With the entertainment industry’s anti-piracy bods increasingly going after the domain names of piracy websites, the global organisation that oversees the domain name system has distanced itself from having any responsibility for policing how domains are used.

As previously reported, the many domain name registries which manage different top level domains, and the registrars that most people use to actually register a domain, all have their own policies regarding what to do about piracy operations.

Using a domain name for a copyright infringing operation usually breaches the terms and conditions of registries and registrars, but while some are willing to block sites at the say so of copyright owners or bodies like the City Of London Police’s IP Crime Unit, others insist on a court injunction before taking any action. Needless to say, the operators of piracy sites have learned which registries have the latter policy.

Given the different approaches around the world, some in the anti-piracy game had hoped that global top level domain overseer ICANN would ramp up its own piracy rules, putting more pressure on those down the chain. But, according to Torrentfreak, bosses at the not-for-profit organisation have no intention of doing this, and are getting rather annoyed with being repeatedly asked.

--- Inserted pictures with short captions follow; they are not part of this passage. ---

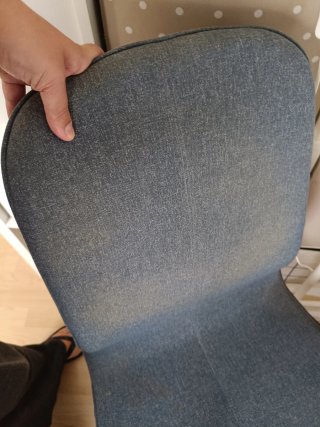 Silla de escritorio Langfall de IKEA azul.
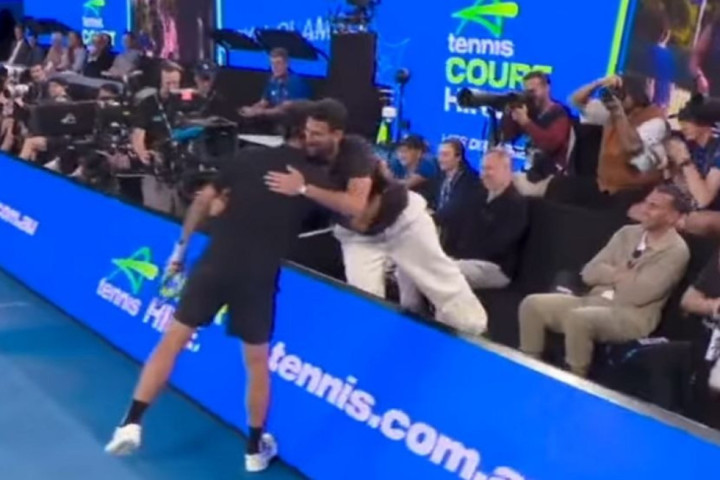 Snimak koji obilazi ceo svet: Federer prekinuo meč kada je video Đokovića, pa oduševio potezom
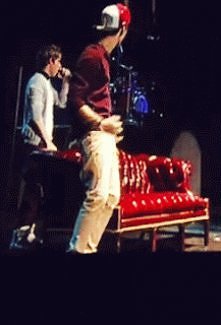 Niall: Zayn wiemy, że spędziłeś wczoraj cały dzień z [T.I]. Co robiliście?
Zayn:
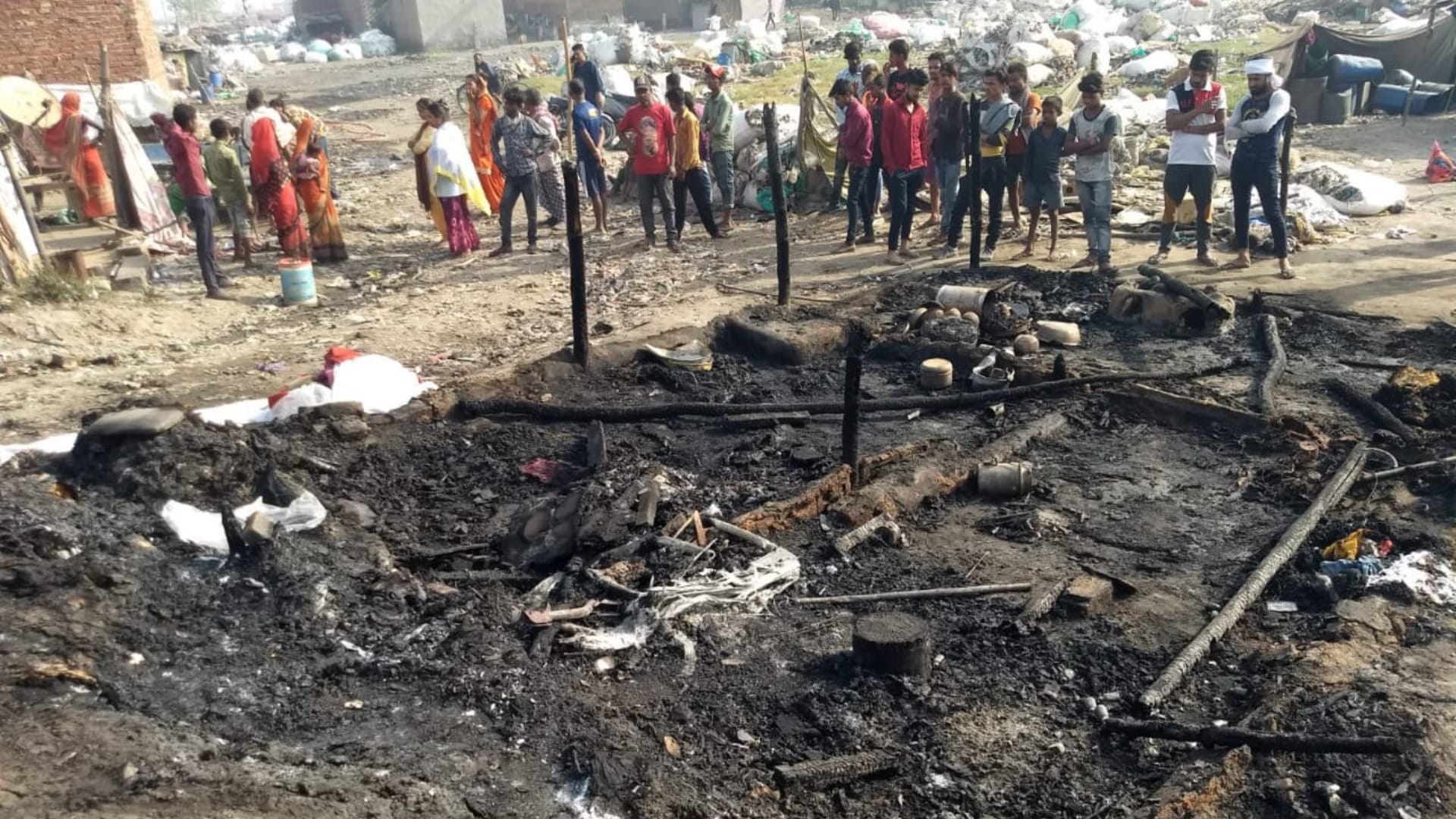 Seven members of a family were burnt alive after a fire broke out in a hut in Ludhiana of Punjab
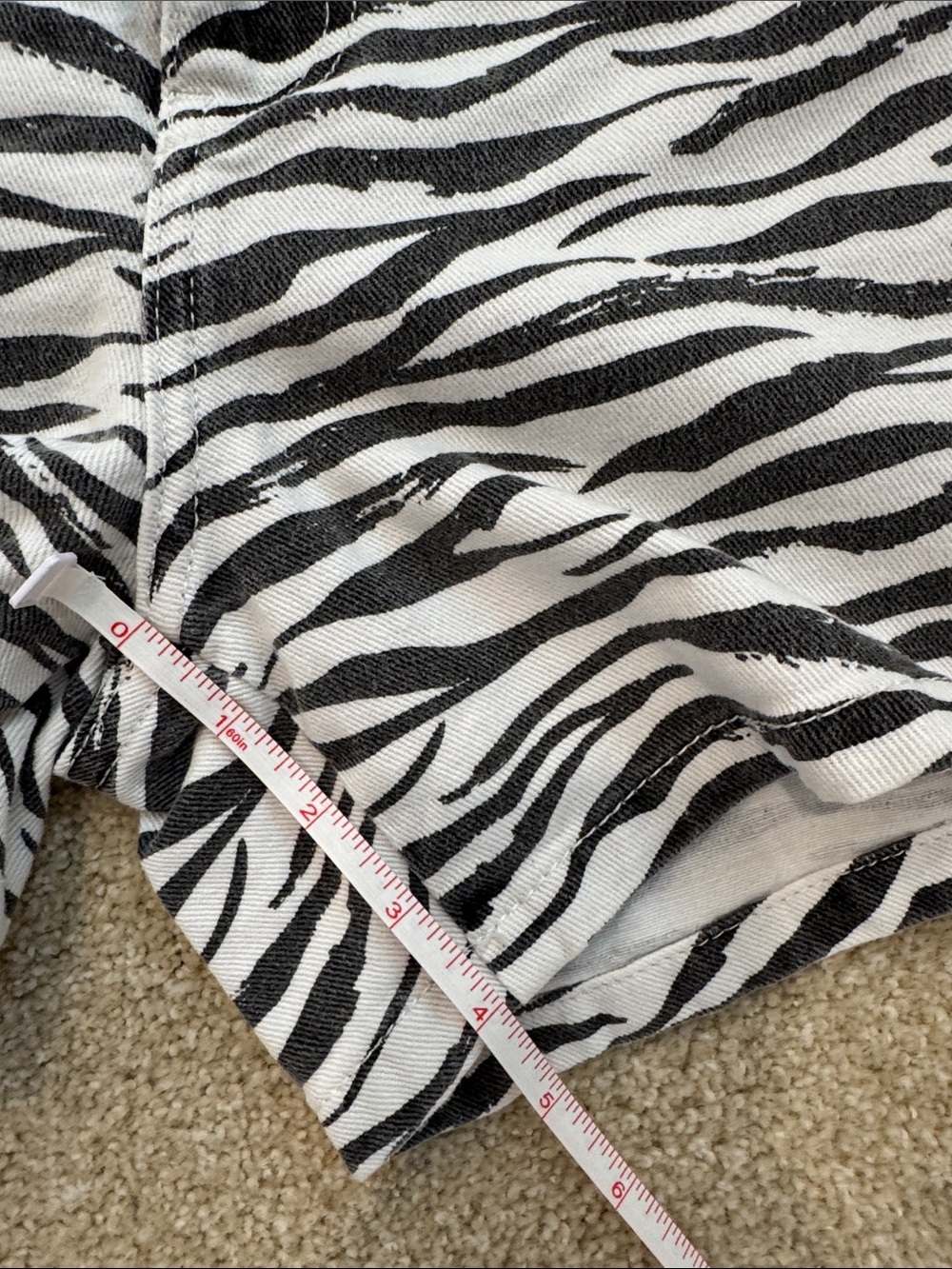 Zara Zebra-Print High-Rise Denim Shorts - Picture 7 of 7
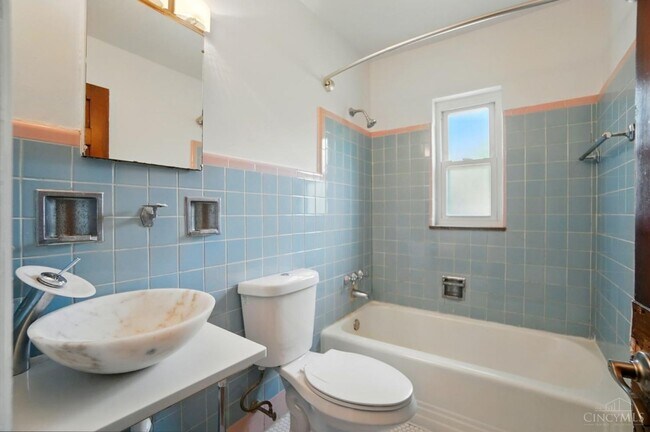 Building Photo - 4348 Kirby Ave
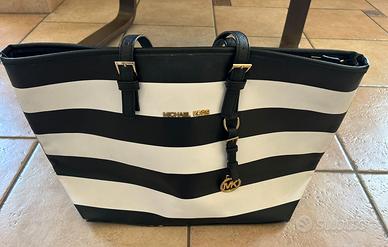 Borsa Vintage a righe Bianche Nere.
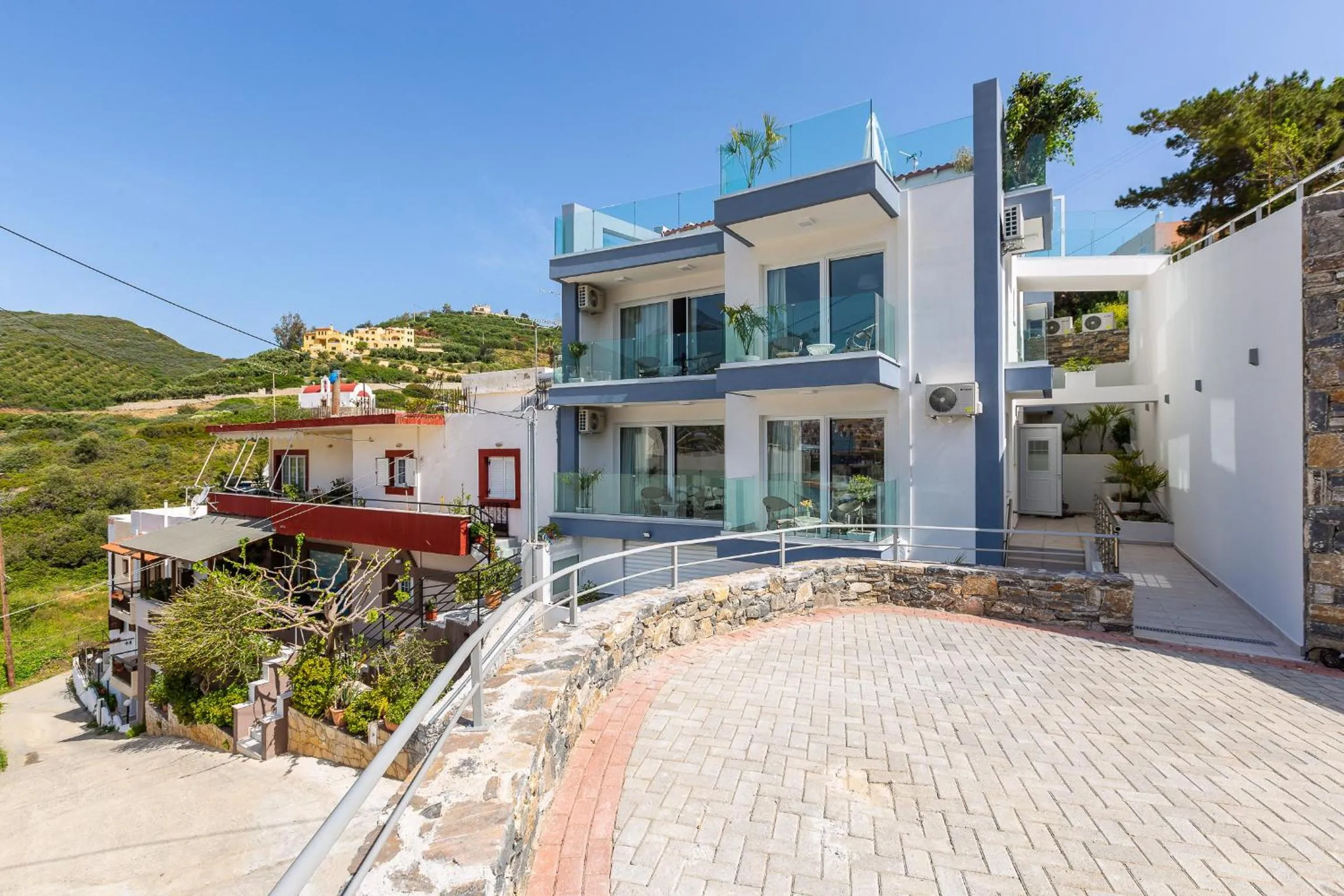 Property building in Akrogiali Apartments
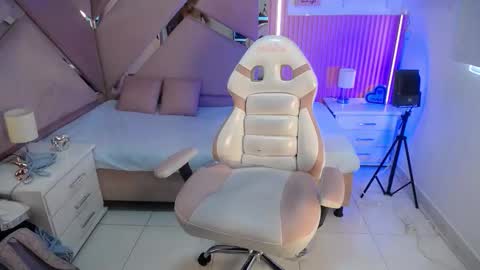 Charlotte  online show from October 11, 1:09 pm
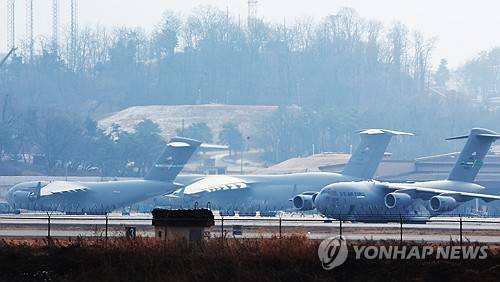 오산기지 대기 중인 미군 수송기 연합뉴스 자료 사진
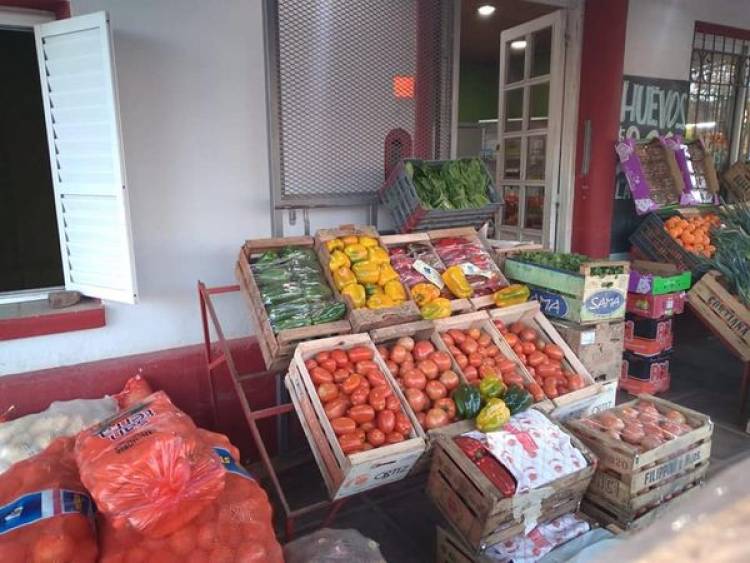 MERCADERIA QUE LLEGO ESTA MAÑANA A  FRUTERIA Y VERDULERIA "AMERICA"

ICANN’s Chief Contract Compliance Officer Allen Grogan told Torrentfreak: “ICANN has no role in policing content – it’s entirely out of our scope. Our mission is to co-ordinate, at the overall level, the global internet’s systems of unique identifiers, and in particular, to ensure the stable and secure operation of the those unique identifiers. ICANN was never granted, nor was it ever intended that ICANN be granted, the authority to act as a regulator of internet content”.

So there you go. Adds Grogan, speaking to the copyright industries and their trade bodies: “It’s important people understand this and direct their content complaints to the institutions that are already in place to handle these issues, such as law enforcement, regulatory agencies and judicial systems”.